Ultrà condannato per violenze, il datore di lavoro può licenziarlo

Il licenziamento è giustificato quando il lavoratore ha commesso reati che «recano disvalore morale alla sua persona», anche se si tratta di reati commessi al di fuori del lavoro. Lo stabilisce la Cassazione riguardo al caso di un ultras di Catania condannato a 8 mesi per «oltraggio alle forze di polizia di stato e istigazione a commettere delitti di resistenza e delitti contro la persona», nonché «per avere offeso con più azioni anche in tempi diversi l’onore e il prestigio di un pubblico ufficiale». L’uomo, che lavorava in un’azienda come operaio, era stato licenziato dopo che la sua condanna era diventata definitiva per «un’azione commessa non in connessione con lo svolgimento del rapporto di lavoro, che ha leso la sua figura morale», e aveva fatto causa al datore di lavoro, perdendo.

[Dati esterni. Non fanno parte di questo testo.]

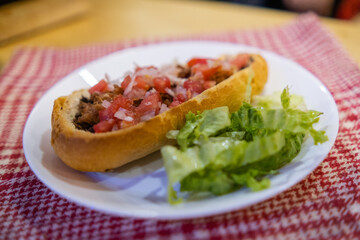 Mexican mollete and lettuce on a plate above white and red checkered napkin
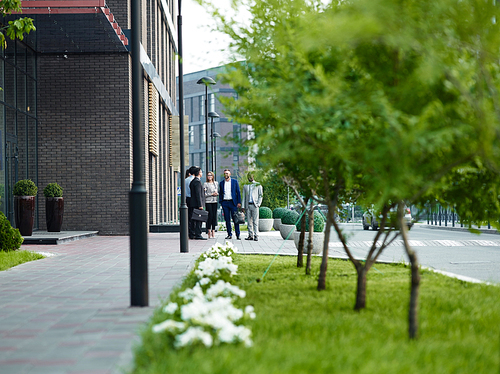 Young employees communicating outdoors by modern office building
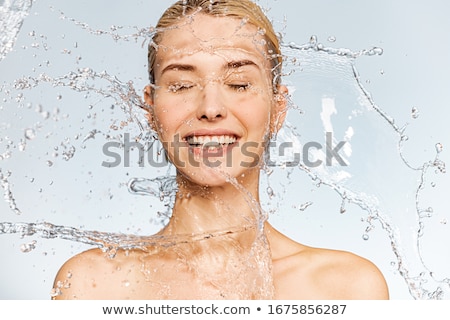 ストックフォト: Woman Showering With Happy Smile And Water Splashing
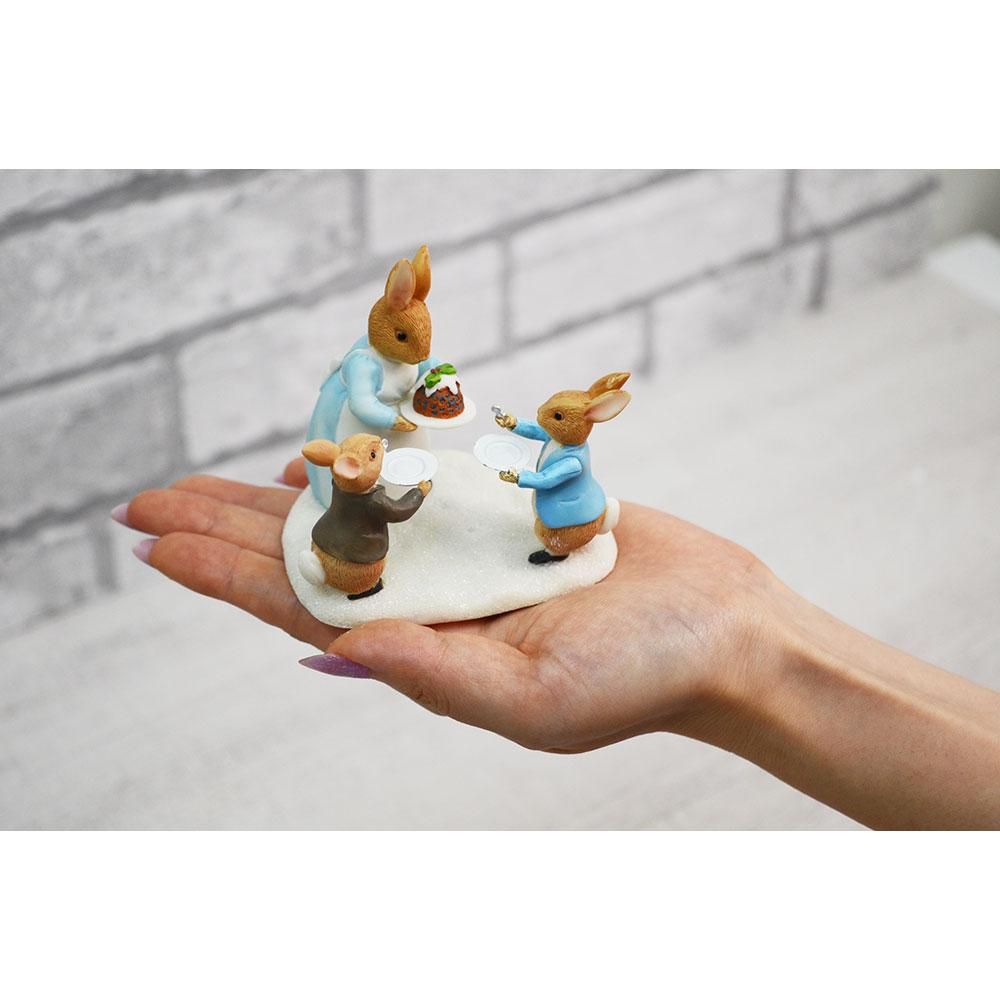 Mrs. Rabbit with a Christmas Pudding Figurine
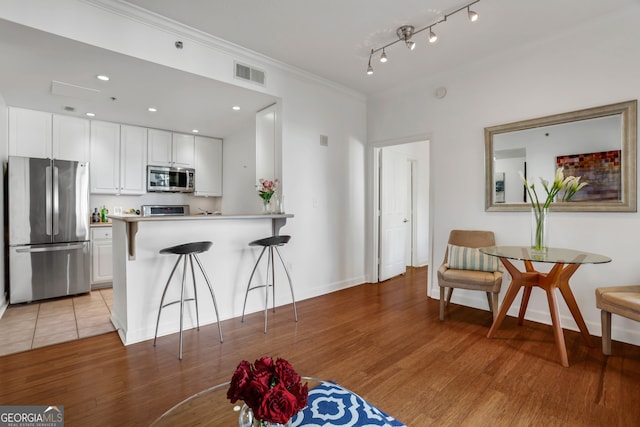 kitchen with a kitchen bar, kitchen peninsula, light hardwood / wood-style floors, stainless steel appliances, and white cabinets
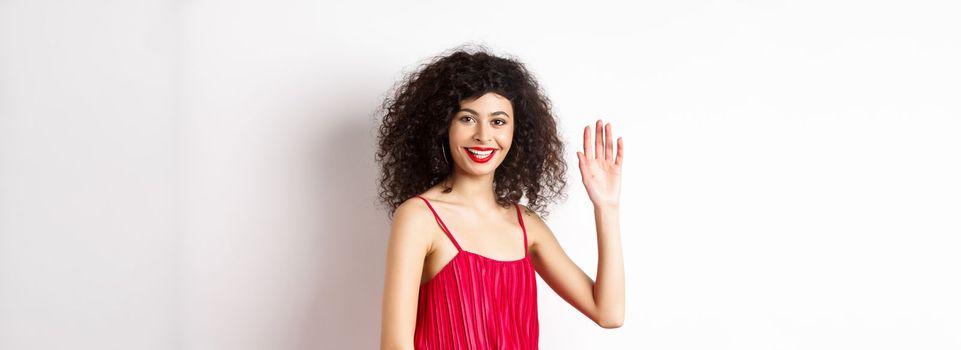 Beauty and fashion. Friendly elegant woman with curly hair, red dress, waving hand and saying hello, smiling to greet you, standing on white background.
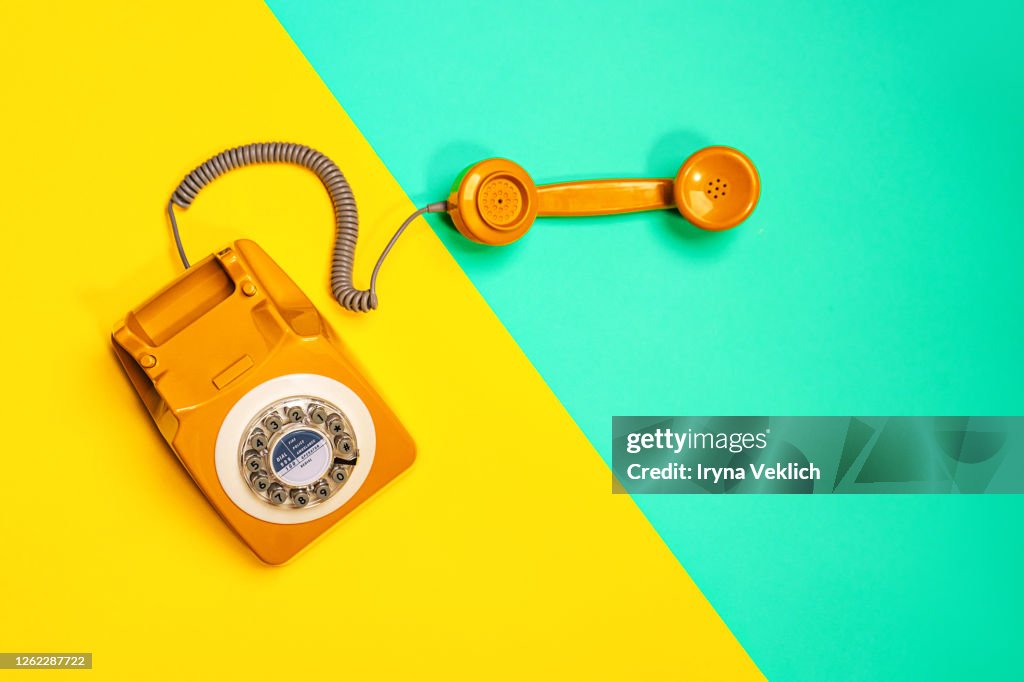 Yellow handset of a retro telephone on yellow and mint green background.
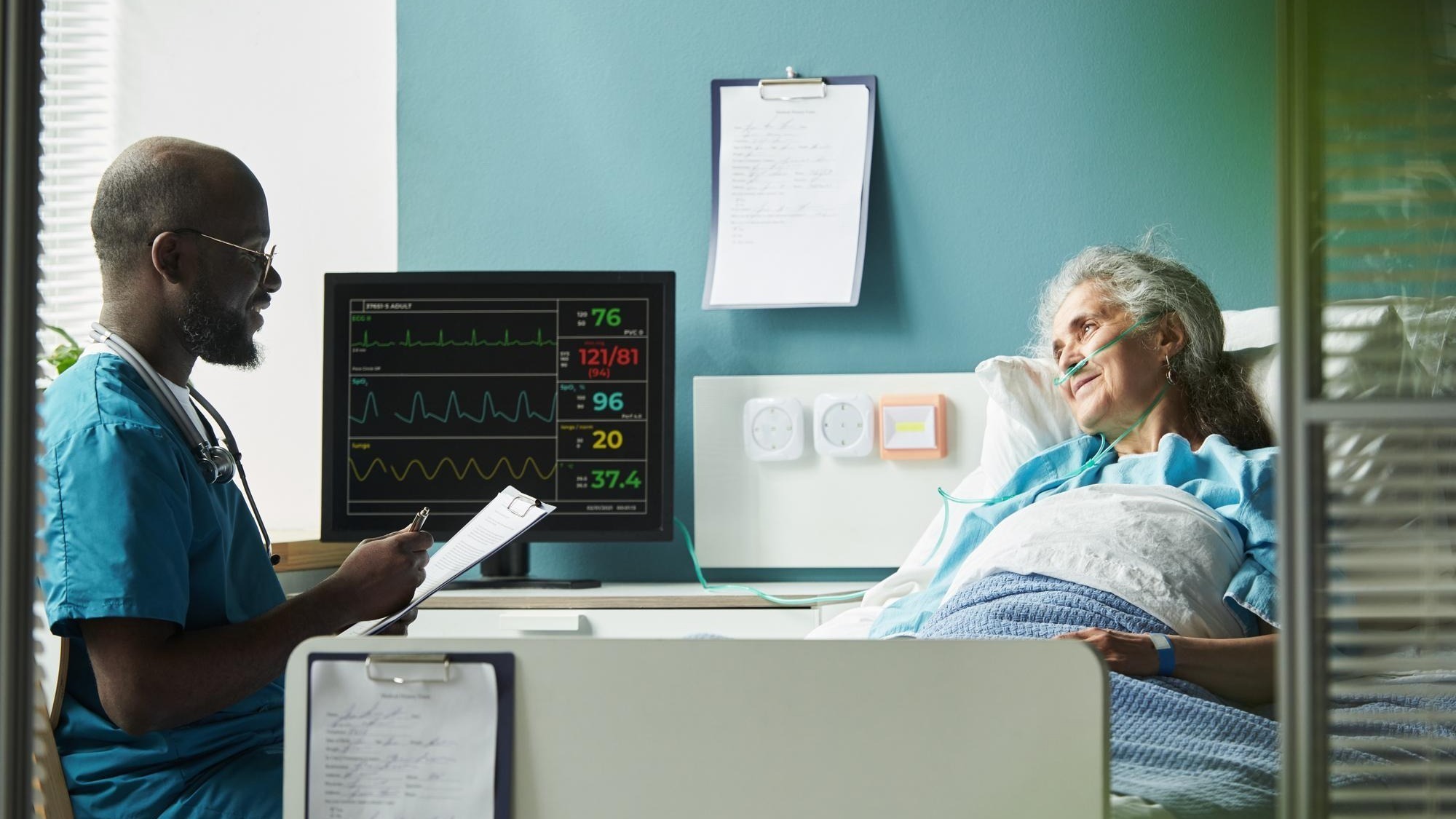 Middle aged black male doctor consulting senior caucasian female patient
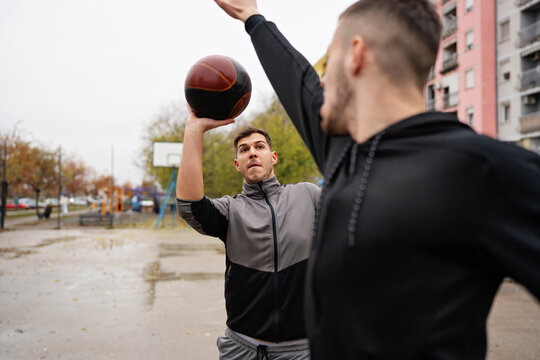 Athletic young man preparing to throw a ball over a defending opponent during a competitive streetball game in a residential neighborhood.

Aveva quindi impugnato il licenziamento davanti alla Corte di appello di Catania, che però aveva dato ragione al giudice di primo grado.
Di qui il suo ricorso in Cassazione, anche questo rigettato. I reati per i quali l’uomo era stato condannato sono stati giudicati «gravi oggettivamente e soggettivamente» sia per le «fattispecie incriminatrici violate» sia per «il concreto disvalore penale che deriva dalla natura delle persone offese (pubblica amministrazione, corpo di polizia, pubblico ufficiale) e dei beni giuridici tutelati (dignità e prestigio del corpo di polizia e del singolo pubblico ufficiale)». Ma la gravità deriva anche «dalla reiterazione delle condotte nel tempo, quasi due anni» e «per il contesto in cui i fatti si sono svolti, quello delle tifoserie calcistiche, che anche il giudice penale definisce particolarmente aggressivo». Si tratta di reati, sottolineano i giudici «che sono stati commessi con l’utilizzo di frasi gravemente ingiuriose e in alcuni casi con frasi che istigavano alla violenza ("sbirri a morte”, “meglio mille sbirri uccisi che un ultras diffidato")». Per tutti questi motivi il licenziamento è «pienamente giustificato, anche se si tratta di reati commessi al di fuori dell’attività lavorativa, poiché è innegabile la compromissione dell’elemento fiduciario che connota fortemente il rapporto di lavoro, essendo fondatamente venuta meno nel datore di lavoro la fiducia che egli deve poter riporre nel suo dipendente», che in questo caso invece «si è reso responsabile di gravi fatti di negazione di valori etici e morali e lesivi di interessi meritevoli di tutela penale, come tali idonei a pregiudicare la statura morale del lavoratore».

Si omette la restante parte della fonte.